Алеся Буневич несколько раз звонила сыну из колонии по видео, а потом сознательно отказалась от таких звонков — тоже из-за оперативника, с которым у Алеси были «натянутые отношения».
«Первый видеозвонок через 10 месяцев после моего задержания. Я наконец-то увидела своего ребенка. Качество было очень плохое, и у нас было всего минут пять. Он очень разволновался, сел за фортепьяно, начал мне что-то играть. Я расплакалась, сын показал мне сердечко руками, как Маша Колесникова показывала. В этот момент нам сказали, что такие знаки показывать нельзя, и отключили нас. Потом я отказалась ходить на звонки, чтобы чужой человек не слушал наши с сыном разговоры, не лез в личное».
Мама вернулась
Ирина Счасная вышла на свободу в конце июня, но из-за отсутствия визы увиделась с сыном в Польше только в сентябре.
«Прилетела в Варшаву, два часа до Белостока, звоню. Открывается дверь — стоит мой Герман, такой большой, уже ростом почти с меня. Не такой пухлый как был, худенький. Юноша уже. Обнялись».
Алеся Буневич, отсидев 3.5 за помощь рельсовым партизанам, тоже не сразу встретилась с сыном. После своего освобождения в мае 2024 года она еще какое-то время оставалась в Беларуси и даже думала, что сын сможет приехать в ней и заодно повидаться с дедушкой, которого давно не видел. Но однажды Алесе намекнули, что ею «снова могут заинтересоваться следователи» и пришлось оперативно уезжать.

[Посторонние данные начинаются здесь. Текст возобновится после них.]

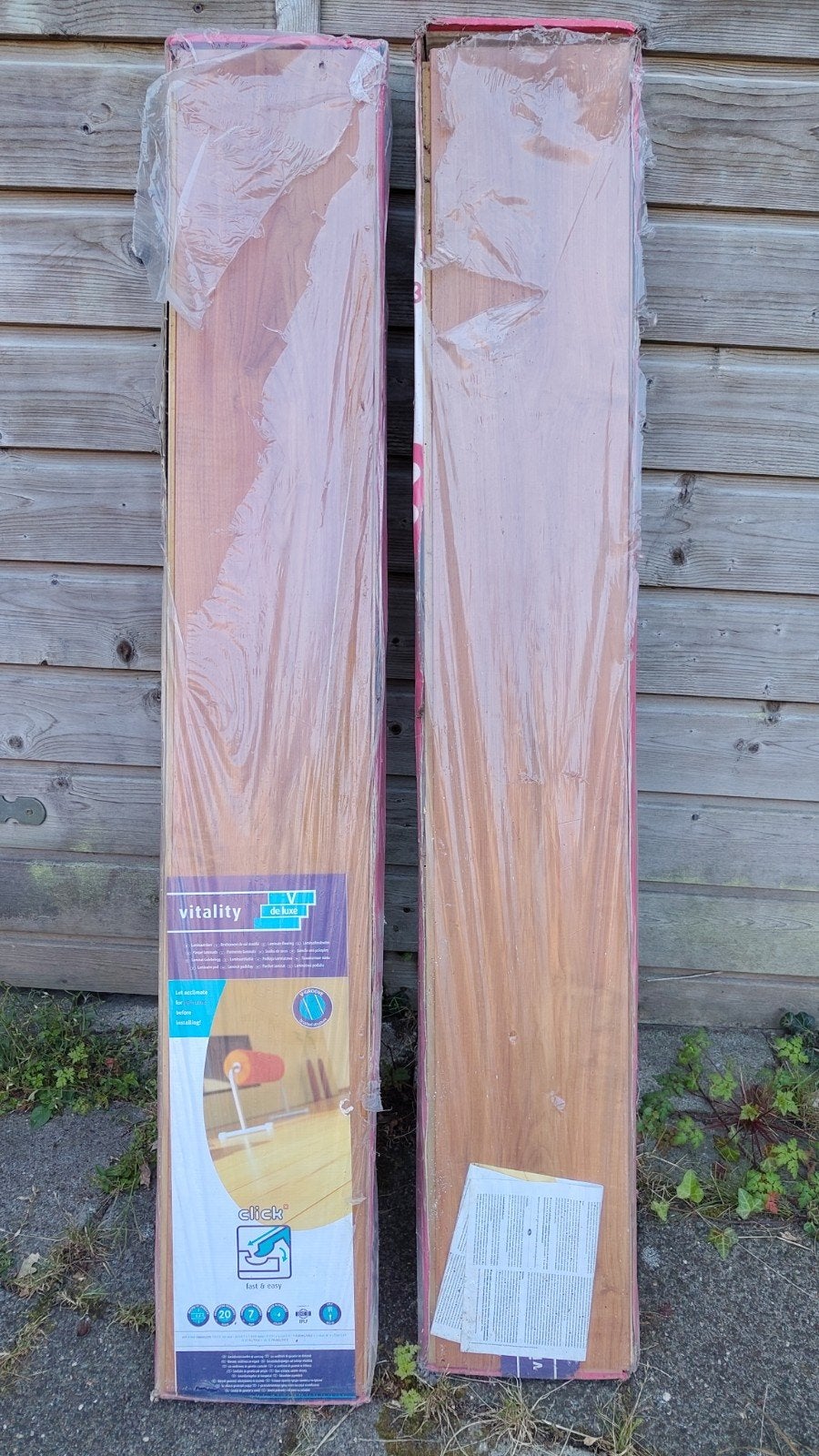 Nieuw laminaat V-groef eik, 2 pakken (ca. 4 m²), Ophalen, 50 tot 150 cm, Nieuw, Minder dan 5 m²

«Мы не говорили ему ничего, это было сюрпризом. Такая радостная встреча! Говорят, бывает, про некоторых мам, что они до последнего детей на руках носят. Вот у меня так и было — на меня буквально вскочил мой 12-летний сын, а я с таким счастьем держала его на руках!»
Мамина вина?
Ольге Филатченковой после освобождения пришлось «заново знакомиться» с дочерью.
«С одной стороны все было нормально, мы как будто и не расставались. А с другой, нужно было заново с ней знакомиться. Вот она вроде любила розовый цвет — а теперь уже не любит. Ну и выросла она за два года, ей уже девять, она уже почти подросток».

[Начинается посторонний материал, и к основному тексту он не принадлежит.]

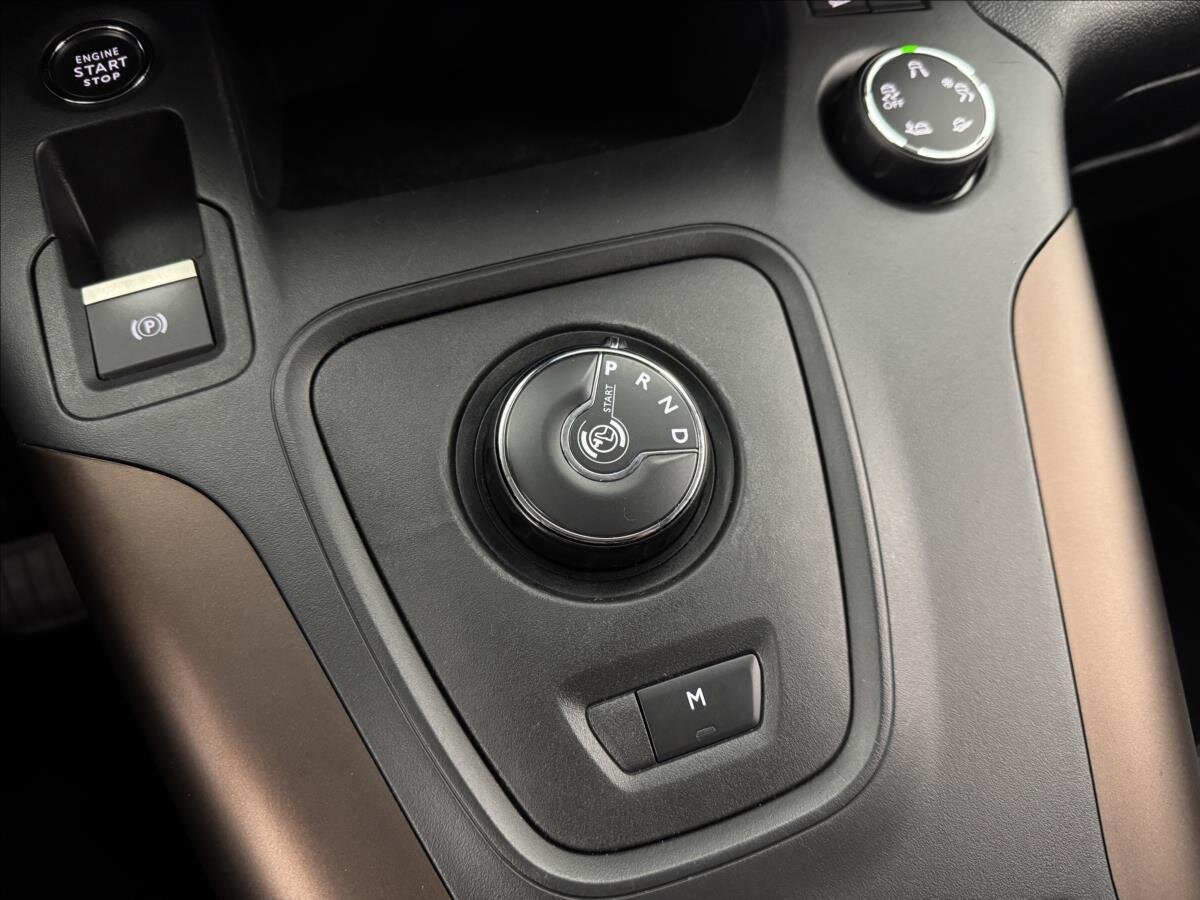 Peugeot Rifter MPV 1,5 l 96 kw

Время от времени Маша расспрашивает Ольгу о том, как и что было в колонии.
«Ей интересно бывает, как мы там мылись, что мы там носили. Я ей все рассказываю. Когда друзья приходят и что-то про колонию спрашивают, она тоже всегда рядом "уши греет", ей интересно».
Дети Ольги Токарчук подписаны на маму в ютубе и смотрят ее выпуски про колонию. Однажды Ольга с детьми и друзьями была в музее КГБ в Вильнюсе.

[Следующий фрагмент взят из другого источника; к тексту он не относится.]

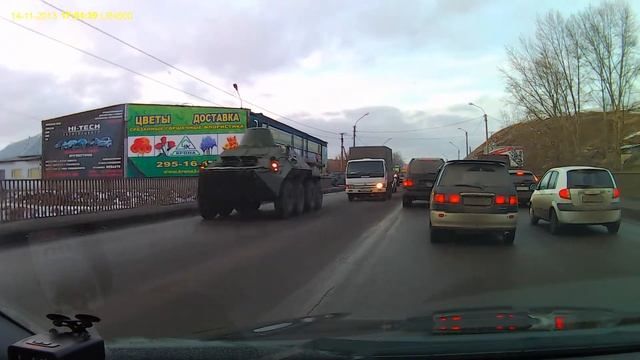 БТР ездят по улицам г. Красноярска. смотреть онлайн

«Мы там были с другом, который тоже отсидел. И вот мы идем все вместе по этим камерам — "смотрите, вот это дючка (унитаз), вот это кормушка, а вот тут баландеры баланду разносят". Еще один наш друг даже возмутился — у вас же, говорит, принцесса, вы ей должны про цветочки, про платья, а ты ей про баланду».
Ирина Счастная почти не разговаривает с Германом про колонию, она считает, что ему это пока не нужно. Она понемногу старается вернуться в жизнь повзрослевшего сына.
«Мы вечером бывает гуляем, разговариваем, и он понемногу начинает раскрываться заново, делиться со мной разным. Много упущено за это время, пока меня не было — школа, семья, оценки, он выучил два языка, пока я сидела. Хорошо, что я сейчас могу его расспросить, как это происходило. Чувство вины всегда со мной. Сначала я допустила ошибку, что в 2020 году вернулась из Киева в Минск. Моя ошибка в том, что меня схватили на его глазах. Я уверена в том, что это моя вина, и она со мной навсегда, невозможно с этим как-то бороться. Все равно к этому постоянно возвращаюсь».
О чувстве вины говорит и Алеся Буневич:
«Чувство вины есть, от него наверное никуда не деться. Я много чего переосмыслила в колонии, и думаю сейчас, насколько же важно ставить на первое место близких и родных людей. Война в Украине для меня затмила все, мне казалось, нужно что-то делать только в этом направлении. А в итоге важные моменты в жизни моей семьи были упущены. Помню про это, но ни о чем не жалею. Нам нужно быть солидарными и друг другу помогать, потому что нам полагаться не на кого. А время, проведенное в колонии — это время, отнятое в первую очередь у наших детей, это они недополучили от нас в это время любви и поддержки».